As part of the CSHBC Quality Assurance & Professional Practice (QAPP) Program, the College’s Professional Practice Advisors (PPAs) provide an important service for registrants, members of the public, other health professionals, and stakeholder organizations.

PPAs, and other QAPP staff, provide professional practice information that helps ensure adherence to regulatory requirements, including guidance on how standards of practice, clinical policies, clinical practice guidelines and protocols, and related documents can be implemented in practice.

PPAs respond to both general requests for assistance and enquiries related to specific professional practice issues.

From a public protection perspective, the benefits of the service include, but are not limited to:

  • Reducing preventable practice errors and patient/client risk;
  • Providing clarity on standards of practice and other decision support tools;
  • Ensuring registrants comply with mandatory professional and clinical standards of practice;
  • Supporting registrants in meeting their annual quality assurance requirements;
  • Ensuring CSHBC remains current in awareness of practice trends that may necessitate change in College standards of practice, policies, and other documents.

This service is proactive and preventative in nature. “An important part of the PPAs’ work is building trust with registrants,” says Mardi Lowe, Senior Practice Advisor and former Director, Quality Assurance & Professional Practice. “That it is okay to ask. It’s far better to be preventative than to wait until you have a situation of non-adherence to standards or other requirements. Prevention is paramount.”

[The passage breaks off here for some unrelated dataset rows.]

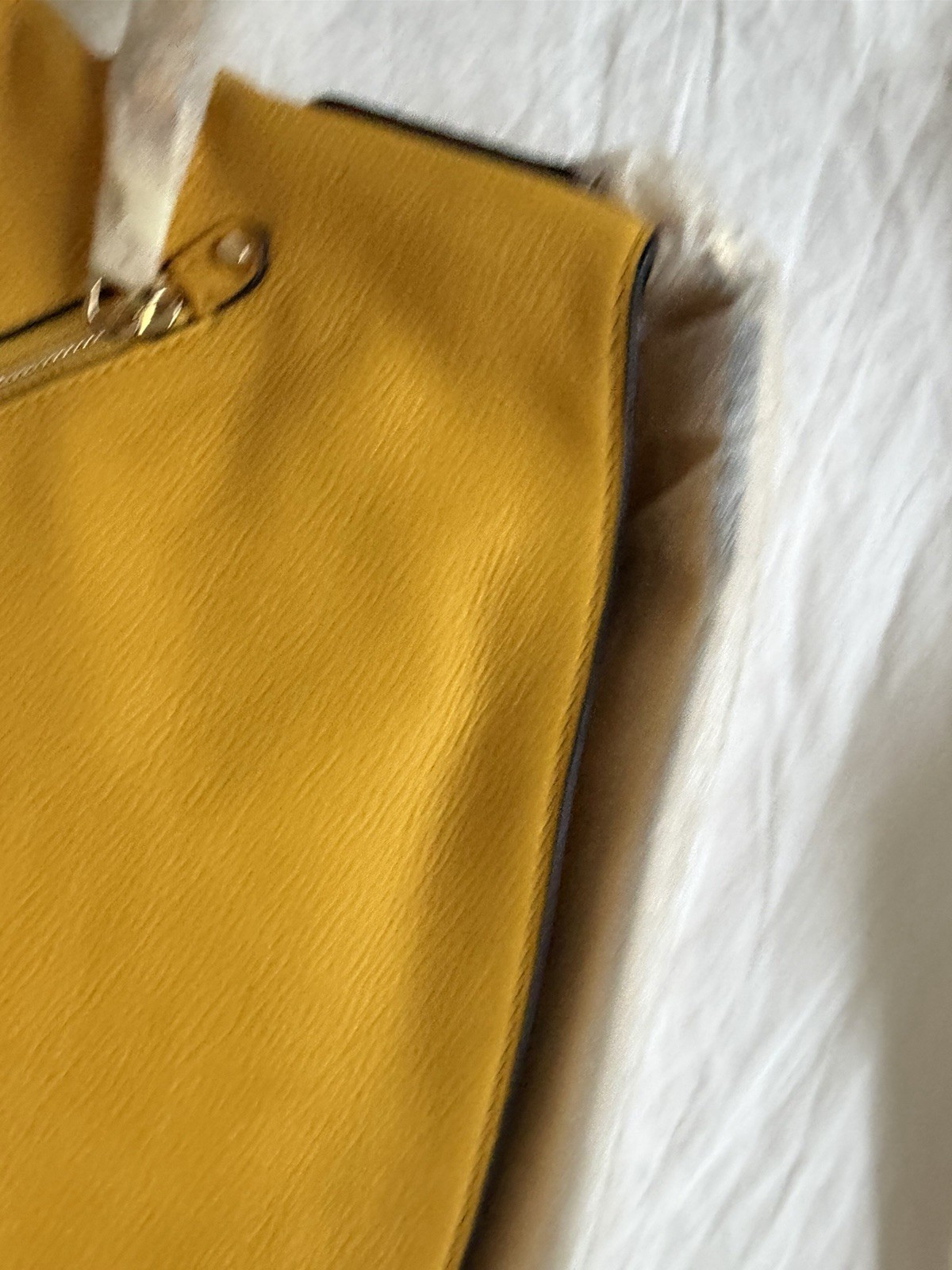 Michael Kors Yellow Large Shoulder Bag Zip Closure w/ Dust Bag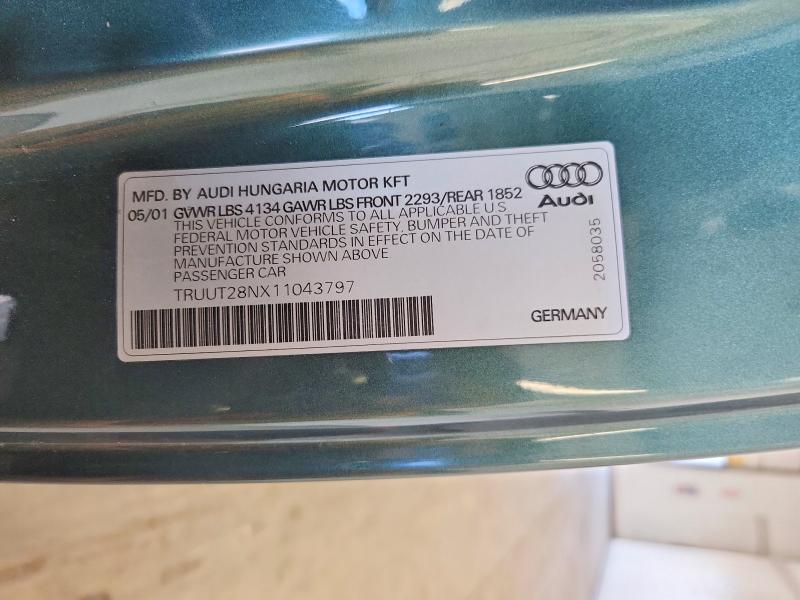 Продаж на аукціоні авто 2001 Audi Tt, vin: TRUUT28NX11043797, номер лоту: 71247886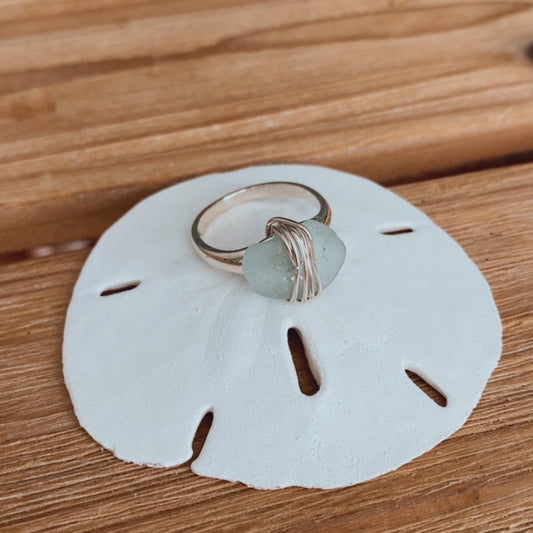 sterling silver wire wrapped sea glass ring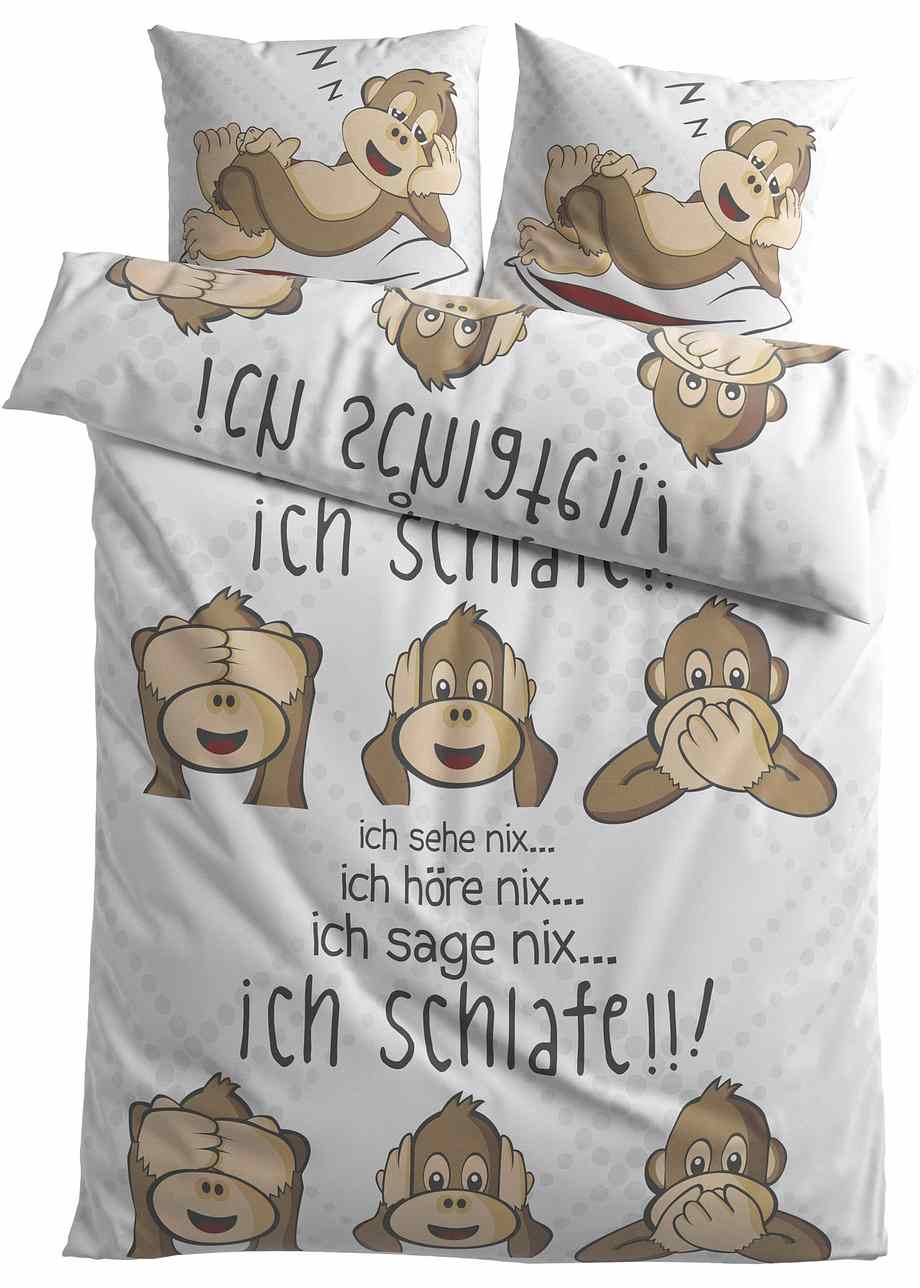 Witzige Bettwäsche weiß, Linon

Examples of topics that PPAs have provided information about: scope of practice; documentation and record-keeping; how to meet the Practice Hours requirement; Continuing Competency Credits (CCCs); Certified Practice certificates; Registrant Code of Ethics and conflict of interest; and hearing aid fitting and dispensing.

Overview of the professional practice information process

After a query or question has been submitted to the College’s QAPP team for a response, the assigned PPA:

  • Confirms the identity of the individual and their contact information.
  • Assesses whether any conflict of interest exists. If a conflict exists, the PPA must end the call and advise that another PPA or staff member will contact the individual.
  • Identifies whether the matter relates to any proceeding before the College Registration Committee, Inquiry Committee, or Discipline Committee. If yes, the PPA must advise the individual that they cannot provide information relating to a proceeding.
  • Provides an introductory statement explaining the parameters of the service before discussing a particular matter.

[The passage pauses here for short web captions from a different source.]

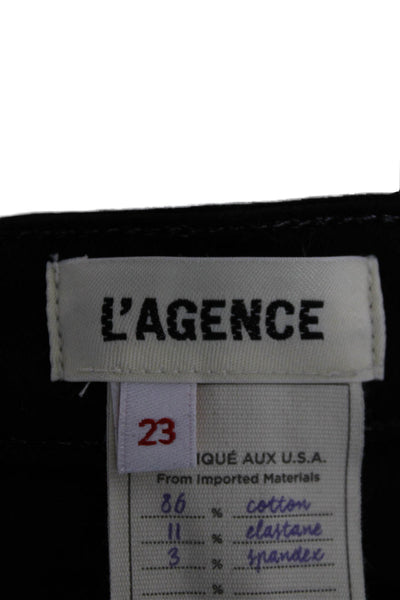 L'Agence Womens Cropped Black High Rise Jeans Cotton Size 23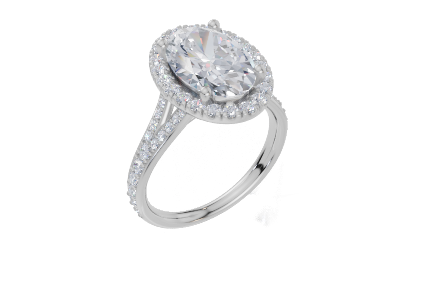 18ct White Gold Oval Cut 3.66 Carat tw of Lab-Grown Diamond Ring
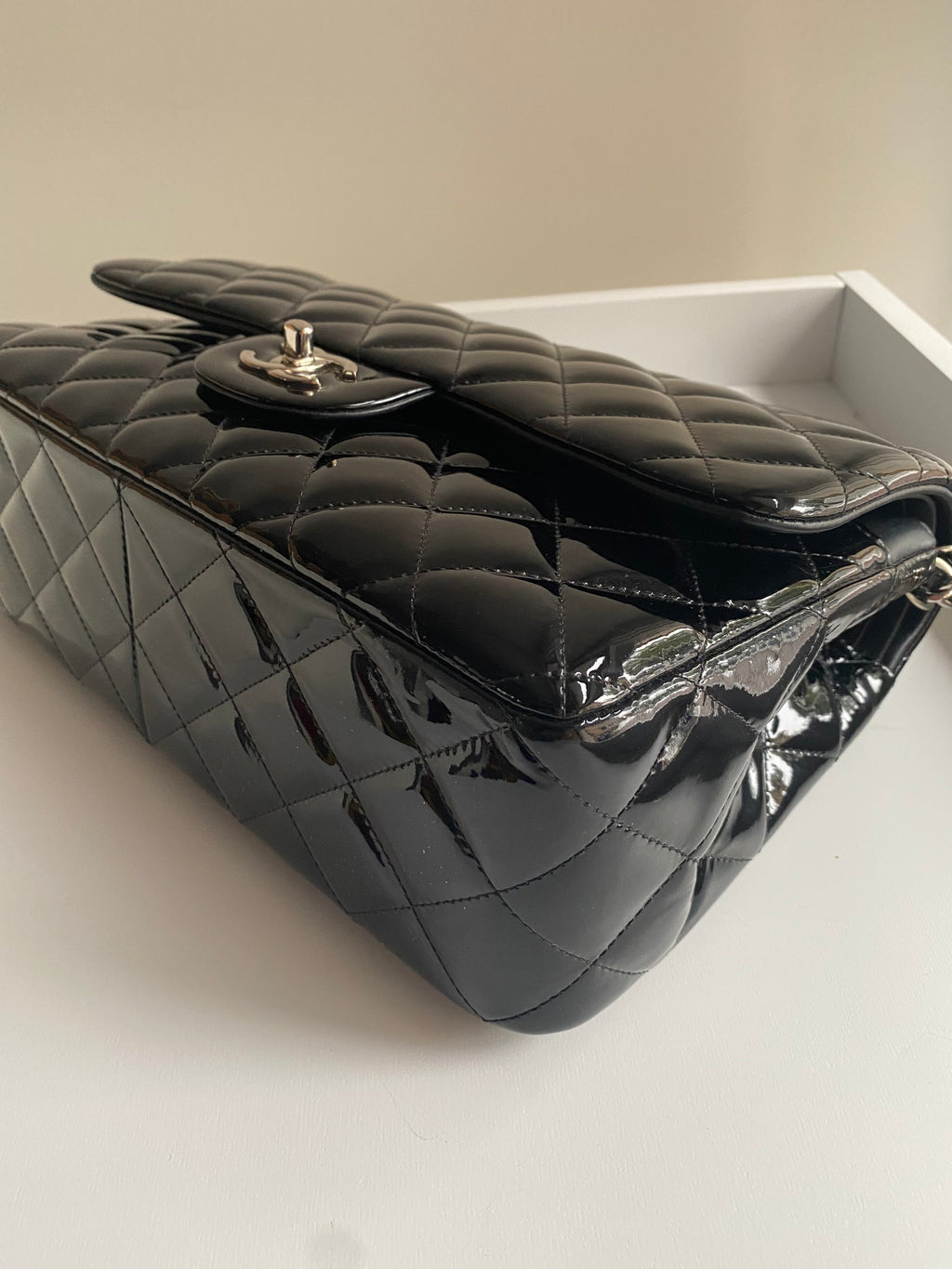 CHANEL Jumbo Classic Double Flap Patent Black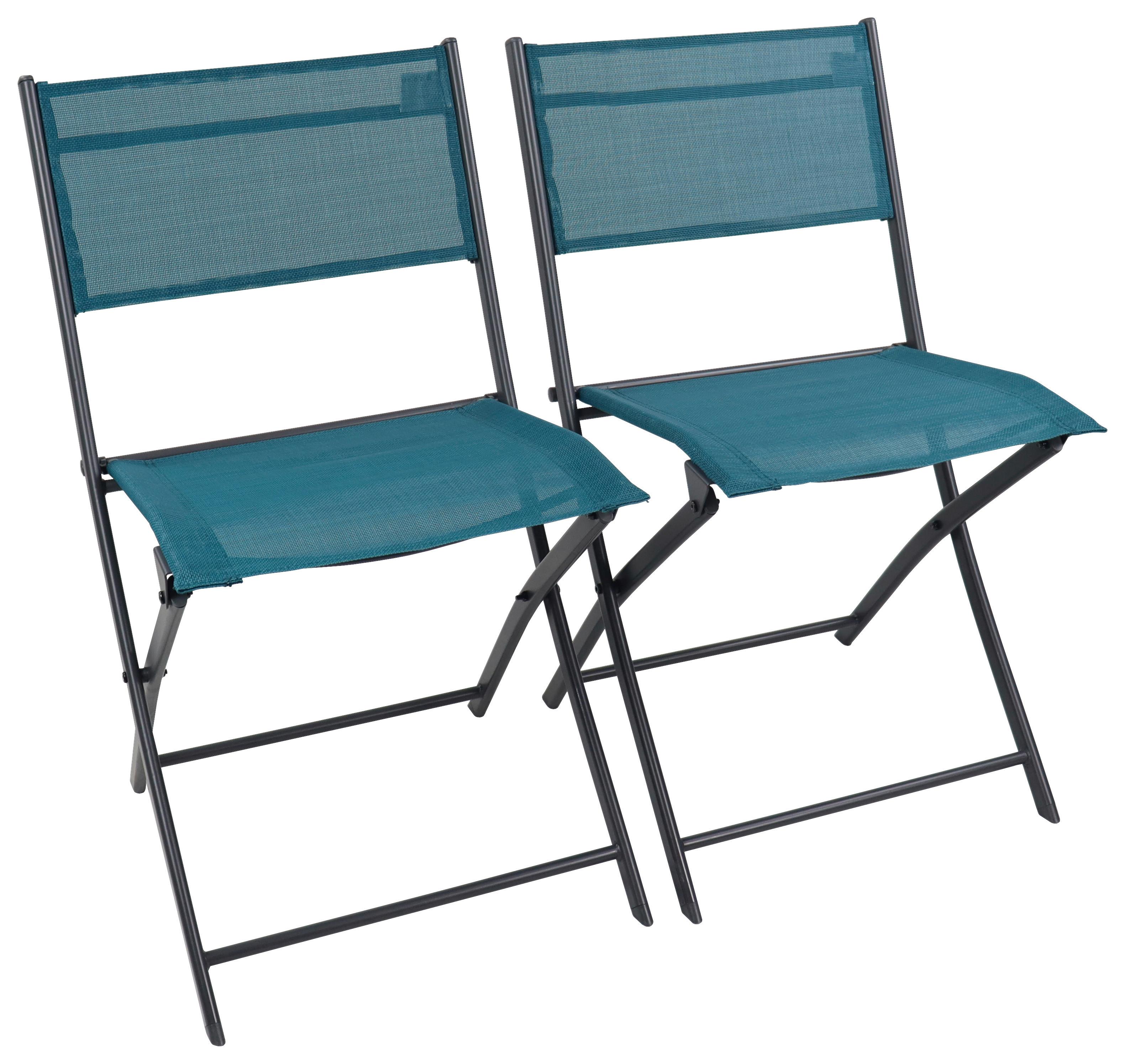 GARTENKLAPPSTUHL-SET SUMILA - Türkis/Schwarz, Modern, Textil/Metall (45/79/46cm) - Ambia Garden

Information may be provided by email, phone, or virtually, depending on the complexity of the issue. PPA interactions may be one-on-one or with groups.

Although PPAs take notes, their discussions are confidential, and they will not disclose who you are and what was discussed unless the information discloses a danger to the public or sexual abuse. If that occurs, the PPA will end the conversation and must report the information to the Registrar. As registrants, PPAs are bound by duties to report under the Health Professions Act and must disclose to the registrant their reporting obligations and must copy the registrant on any related report.

PPAs cannot provide legal advice and cannot provide an opinion about any specific client/patient or case.

CSHBC has been providing professional practice information since the College was established in 2010, but did so for many years with a very small staff. CSHBC expanded QAPP staff in 2021 to include PPAs for the three professions regulated by the College: audiology, hearing instrument dispensing, and speech-language pathology. Creating the additional roles has greatly enhanced CSHBC’s capacity to respond to profession-specific enquiries as well as practice issues that affect all three professions.   

CSHBC QAPP staff

Cathy Silversides, RSLP
Director, Quality Assurance & Professional Practice 

Kathy Pereira, RAUD, RHIP
Professional Practice Advisor, Audiology

Vacant
Professional Practice Advisor, Hearing Instrument Dispensing

Vacant
Professional Practice Advisor, Speech-Language Pathology

Shalin Sharma
Program Coordinator

To request QAPP professional practice information, or to learn more about the service provided by PPAs, contact the College at [email protected]

PPAs are part-time CSHBC staff members – please allow five business days for a response.

College of Speech and Hearing Health Professionals of British Columbia

Address:
900 – 200 Granville St
Vancouver, BC, V6C 1S4

Phone: 604.742.6380
Toll-free: 1.888.742.6380
Email: [email protected]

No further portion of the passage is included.